- _Problem_
Would you repeat exactly the part of the listing below that runs from the line containing "kersenbloesemtatoeage op de" down to the line containing "Large backyard with", inclusive, and nothing else?

- _Given information_
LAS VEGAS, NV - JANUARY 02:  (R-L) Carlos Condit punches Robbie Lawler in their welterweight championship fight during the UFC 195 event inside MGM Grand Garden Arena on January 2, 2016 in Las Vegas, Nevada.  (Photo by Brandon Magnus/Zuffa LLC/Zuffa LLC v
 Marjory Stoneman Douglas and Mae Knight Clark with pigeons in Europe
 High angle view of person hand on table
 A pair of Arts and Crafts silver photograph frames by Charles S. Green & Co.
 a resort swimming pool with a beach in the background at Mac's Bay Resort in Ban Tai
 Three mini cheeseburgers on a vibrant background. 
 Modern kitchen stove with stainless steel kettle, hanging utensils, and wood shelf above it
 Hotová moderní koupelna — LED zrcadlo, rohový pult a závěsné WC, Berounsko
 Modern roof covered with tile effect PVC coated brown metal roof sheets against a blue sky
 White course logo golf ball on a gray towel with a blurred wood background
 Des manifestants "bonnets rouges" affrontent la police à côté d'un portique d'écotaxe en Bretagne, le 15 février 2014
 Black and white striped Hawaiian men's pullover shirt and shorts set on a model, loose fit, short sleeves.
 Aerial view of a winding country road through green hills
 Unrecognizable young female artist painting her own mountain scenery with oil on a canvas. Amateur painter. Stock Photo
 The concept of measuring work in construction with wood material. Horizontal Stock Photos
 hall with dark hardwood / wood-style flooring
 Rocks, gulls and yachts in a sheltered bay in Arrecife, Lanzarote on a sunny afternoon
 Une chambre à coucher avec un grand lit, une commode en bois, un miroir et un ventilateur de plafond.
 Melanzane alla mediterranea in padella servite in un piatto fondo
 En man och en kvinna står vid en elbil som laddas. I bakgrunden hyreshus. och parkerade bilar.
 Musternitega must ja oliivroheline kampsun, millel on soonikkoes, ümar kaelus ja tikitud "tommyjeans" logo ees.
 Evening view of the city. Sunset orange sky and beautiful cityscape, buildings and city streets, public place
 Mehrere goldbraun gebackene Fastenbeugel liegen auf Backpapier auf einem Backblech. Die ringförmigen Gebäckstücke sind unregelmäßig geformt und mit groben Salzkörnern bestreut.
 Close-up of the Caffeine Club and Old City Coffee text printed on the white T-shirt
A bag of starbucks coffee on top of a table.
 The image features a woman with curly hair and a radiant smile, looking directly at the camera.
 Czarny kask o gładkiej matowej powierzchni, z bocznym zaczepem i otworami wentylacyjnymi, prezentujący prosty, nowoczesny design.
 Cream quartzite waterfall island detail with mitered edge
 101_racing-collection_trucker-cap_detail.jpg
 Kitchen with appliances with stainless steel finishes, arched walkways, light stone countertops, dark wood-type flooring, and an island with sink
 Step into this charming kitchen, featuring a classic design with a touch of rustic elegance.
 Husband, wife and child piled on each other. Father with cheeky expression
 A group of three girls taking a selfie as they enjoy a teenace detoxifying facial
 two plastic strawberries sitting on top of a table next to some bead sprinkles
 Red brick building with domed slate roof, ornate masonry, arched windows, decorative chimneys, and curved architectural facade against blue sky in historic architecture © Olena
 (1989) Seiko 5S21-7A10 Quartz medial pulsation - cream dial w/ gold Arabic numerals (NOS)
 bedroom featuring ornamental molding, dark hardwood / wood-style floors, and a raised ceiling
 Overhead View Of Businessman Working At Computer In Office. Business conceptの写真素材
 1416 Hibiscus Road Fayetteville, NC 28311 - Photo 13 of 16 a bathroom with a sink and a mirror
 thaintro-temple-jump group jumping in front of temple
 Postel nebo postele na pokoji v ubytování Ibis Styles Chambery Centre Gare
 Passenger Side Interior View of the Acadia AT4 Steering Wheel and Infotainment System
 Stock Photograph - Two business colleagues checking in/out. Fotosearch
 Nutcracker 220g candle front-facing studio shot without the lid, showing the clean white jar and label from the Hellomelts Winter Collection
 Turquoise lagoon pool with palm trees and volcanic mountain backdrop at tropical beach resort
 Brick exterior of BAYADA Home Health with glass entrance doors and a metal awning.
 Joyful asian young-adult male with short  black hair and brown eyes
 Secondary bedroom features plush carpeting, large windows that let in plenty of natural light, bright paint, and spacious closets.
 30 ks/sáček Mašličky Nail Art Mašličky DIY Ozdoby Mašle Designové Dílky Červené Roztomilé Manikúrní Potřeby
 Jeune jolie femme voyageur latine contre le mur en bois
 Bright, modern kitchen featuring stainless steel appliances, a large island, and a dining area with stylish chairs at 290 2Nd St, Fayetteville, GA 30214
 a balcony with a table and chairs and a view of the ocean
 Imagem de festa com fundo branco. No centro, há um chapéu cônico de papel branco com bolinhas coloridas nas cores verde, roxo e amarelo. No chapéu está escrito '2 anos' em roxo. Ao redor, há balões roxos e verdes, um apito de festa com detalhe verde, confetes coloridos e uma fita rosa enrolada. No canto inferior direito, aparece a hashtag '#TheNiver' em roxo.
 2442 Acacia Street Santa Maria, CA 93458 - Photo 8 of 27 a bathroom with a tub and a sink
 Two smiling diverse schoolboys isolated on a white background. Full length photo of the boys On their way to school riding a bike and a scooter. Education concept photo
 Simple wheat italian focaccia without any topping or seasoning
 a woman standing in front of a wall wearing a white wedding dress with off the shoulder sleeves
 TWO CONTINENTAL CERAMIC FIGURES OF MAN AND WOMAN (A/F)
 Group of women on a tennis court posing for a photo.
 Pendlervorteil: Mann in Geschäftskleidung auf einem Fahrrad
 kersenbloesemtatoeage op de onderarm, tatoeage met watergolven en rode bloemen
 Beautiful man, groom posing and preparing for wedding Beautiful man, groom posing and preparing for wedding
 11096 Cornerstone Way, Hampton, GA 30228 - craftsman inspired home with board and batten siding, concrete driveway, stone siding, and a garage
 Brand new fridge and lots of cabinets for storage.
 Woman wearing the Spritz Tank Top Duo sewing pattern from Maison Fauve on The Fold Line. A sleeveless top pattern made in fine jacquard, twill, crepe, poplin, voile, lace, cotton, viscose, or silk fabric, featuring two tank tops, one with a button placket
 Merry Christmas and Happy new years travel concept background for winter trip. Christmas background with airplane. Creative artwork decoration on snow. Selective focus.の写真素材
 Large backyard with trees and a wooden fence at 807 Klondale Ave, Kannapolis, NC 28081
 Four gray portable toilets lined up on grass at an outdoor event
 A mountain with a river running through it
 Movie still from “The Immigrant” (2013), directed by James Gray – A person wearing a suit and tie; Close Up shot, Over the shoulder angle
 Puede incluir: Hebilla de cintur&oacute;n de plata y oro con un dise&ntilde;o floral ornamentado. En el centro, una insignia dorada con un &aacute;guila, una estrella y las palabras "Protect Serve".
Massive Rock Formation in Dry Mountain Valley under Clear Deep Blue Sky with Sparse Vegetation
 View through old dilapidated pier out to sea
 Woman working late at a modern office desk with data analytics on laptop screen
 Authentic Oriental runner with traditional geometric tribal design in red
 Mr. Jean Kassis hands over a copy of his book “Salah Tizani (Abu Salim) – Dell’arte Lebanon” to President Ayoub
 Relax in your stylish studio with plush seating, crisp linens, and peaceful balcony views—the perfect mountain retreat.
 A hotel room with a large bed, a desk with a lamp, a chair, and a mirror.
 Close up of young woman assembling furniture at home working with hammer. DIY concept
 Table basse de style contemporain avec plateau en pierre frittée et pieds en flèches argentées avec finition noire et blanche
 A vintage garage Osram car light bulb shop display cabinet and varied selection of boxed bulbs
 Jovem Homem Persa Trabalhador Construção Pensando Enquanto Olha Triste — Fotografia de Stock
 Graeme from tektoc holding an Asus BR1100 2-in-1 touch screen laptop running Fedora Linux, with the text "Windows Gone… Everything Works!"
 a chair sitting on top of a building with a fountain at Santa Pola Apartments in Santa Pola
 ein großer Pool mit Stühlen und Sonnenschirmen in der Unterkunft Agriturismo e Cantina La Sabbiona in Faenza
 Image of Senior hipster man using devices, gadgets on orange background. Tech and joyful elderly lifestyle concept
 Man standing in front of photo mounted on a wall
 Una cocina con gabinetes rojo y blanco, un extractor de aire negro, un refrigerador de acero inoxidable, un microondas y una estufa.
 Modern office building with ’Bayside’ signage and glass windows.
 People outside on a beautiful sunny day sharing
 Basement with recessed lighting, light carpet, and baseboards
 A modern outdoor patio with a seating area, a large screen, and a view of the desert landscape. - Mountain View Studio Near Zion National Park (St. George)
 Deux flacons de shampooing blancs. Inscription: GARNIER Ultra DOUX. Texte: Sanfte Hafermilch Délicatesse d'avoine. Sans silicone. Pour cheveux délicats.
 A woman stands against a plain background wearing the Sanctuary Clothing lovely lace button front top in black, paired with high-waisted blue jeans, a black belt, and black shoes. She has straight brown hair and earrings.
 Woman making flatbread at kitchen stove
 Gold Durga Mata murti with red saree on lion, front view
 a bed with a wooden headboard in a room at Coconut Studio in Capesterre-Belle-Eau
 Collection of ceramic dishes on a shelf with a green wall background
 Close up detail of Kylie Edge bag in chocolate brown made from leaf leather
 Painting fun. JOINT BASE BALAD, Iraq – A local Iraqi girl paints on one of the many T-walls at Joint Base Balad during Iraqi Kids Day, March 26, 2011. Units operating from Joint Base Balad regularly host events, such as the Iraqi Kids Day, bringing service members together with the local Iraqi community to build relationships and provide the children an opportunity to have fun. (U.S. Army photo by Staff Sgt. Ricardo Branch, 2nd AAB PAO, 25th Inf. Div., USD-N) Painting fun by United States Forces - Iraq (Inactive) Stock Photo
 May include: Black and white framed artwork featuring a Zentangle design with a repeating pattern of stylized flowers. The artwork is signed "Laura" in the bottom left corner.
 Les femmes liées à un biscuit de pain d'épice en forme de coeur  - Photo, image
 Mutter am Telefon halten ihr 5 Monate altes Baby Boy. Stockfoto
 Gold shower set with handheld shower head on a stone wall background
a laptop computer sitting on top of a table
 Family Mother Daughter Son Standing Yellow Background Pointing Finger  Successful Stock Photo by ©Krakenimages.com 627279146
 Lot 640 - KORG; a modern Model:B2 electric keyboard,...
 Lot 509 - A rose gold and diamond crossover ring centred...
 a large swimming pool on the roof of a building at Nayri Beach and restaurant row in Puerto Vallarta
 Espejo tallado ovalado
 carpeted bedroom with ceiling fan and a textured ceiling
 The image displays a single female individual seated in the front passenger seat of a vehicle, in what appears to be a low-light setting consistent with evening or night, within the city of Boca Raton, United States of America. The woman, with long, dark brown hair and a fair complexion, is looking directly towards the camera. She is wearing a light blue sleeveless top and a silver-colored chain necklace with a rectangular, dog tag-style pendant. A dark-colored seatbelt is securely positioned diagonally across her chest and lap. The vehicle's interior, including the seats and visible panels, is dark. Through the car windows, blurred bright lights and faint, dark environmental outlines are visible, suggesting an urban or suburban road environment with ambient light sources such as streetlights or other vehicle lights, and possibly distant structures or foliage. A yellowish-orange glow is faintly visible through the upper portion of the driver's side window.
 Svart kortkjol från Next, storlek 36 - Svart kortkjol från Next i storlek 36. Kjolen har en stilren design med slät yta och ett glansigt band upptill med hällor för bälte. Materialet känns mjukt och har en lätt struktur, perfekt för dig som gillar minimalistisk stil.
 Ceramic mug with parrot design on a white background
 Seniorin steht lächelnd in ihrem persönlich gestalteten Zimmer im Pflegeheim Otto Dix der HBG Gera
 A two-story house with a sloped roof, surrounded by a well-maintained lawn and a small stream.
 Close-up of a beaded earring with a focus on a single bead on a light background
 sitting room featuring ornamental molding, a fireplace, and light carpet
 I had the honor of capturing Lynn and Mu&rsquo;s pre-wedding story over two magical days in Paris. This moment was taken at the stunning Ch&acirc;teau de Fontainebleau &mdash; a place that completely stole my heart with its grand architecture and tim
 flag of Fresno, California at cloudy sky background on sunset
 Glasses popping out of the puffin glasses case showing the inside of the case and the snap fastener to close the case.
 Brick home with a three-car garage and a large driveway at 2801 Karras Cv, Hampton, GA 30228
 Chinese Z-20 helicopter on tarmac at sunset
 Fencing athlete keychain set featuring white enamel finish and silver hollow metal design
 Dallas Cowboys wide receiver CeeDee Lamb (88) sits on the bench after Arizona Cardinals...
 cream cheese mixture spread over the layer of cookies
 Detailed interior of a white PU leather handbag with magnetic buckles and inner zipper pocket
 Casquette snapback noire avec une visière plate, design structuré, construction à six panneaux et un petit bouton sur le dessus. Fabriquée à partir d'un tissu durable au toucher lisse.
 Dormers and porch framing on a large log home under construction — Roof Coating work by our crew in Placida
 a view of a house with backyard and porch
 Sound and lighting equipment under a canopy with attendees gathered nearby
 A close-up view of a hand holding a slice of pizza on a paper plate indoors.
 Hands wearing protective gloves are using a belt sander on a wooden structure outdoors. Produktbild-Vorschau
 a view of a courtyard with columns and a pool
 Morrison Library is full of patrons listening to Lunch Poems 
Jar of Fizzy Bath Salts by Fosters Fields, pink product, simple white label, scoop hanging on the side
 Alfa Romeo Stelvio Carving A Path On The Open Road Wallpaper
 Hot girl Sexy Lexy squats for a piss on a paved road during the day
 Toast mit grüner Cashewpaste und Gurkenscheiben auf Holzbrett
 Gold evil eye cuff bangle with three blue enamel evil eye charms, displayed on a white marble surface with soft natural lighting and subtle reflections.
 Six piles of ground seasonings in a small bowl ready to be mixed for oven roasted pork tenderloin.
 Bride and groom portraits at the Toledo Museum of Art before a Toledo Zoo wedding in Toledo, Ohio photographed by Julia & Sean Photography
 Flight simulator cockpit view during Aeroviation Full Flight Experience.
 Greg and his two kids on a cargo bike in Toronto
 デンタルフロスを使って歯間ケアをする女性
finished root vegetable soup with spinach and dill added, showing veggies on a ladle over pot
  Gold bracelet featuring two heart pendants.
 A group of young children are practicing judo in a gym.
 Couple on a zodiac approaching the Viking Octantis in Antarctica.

- _Result of the task_
 kersenbloesemtatoeage op de onderarm, tatoeage met watergolven en rode bloemen
 Beautiful man, groom posing and preparing for wedding Beautiful man, groom posing and preparing for wedding
 11096 Cornerstone Way, Hampton, GA 30228 - craftsman inspired home with board and batten siding, concrete driveway, stone siding, and a garage
 Brand new fridge and lots of cabinets for storage.
 Woman wearing the Spritz Tank Top Duo sewing pattern from Maison Fauve on The Fold Line. A sleeveless top pattern made in fine jacquard, twill, crepe, poplin, voile, lace, cotton, viscose, or silk fabric, featuring two tank tops, one with a button placket
 Merry Christmas and Happy new years travel concept background for winter trip. Christmas background with airplane. Creative artwork decoration on snow. Selective focus.の写真素材
 Large backyard with trees and a wooden fence at 807 Klondale Ave, Kannapolis, NC 28081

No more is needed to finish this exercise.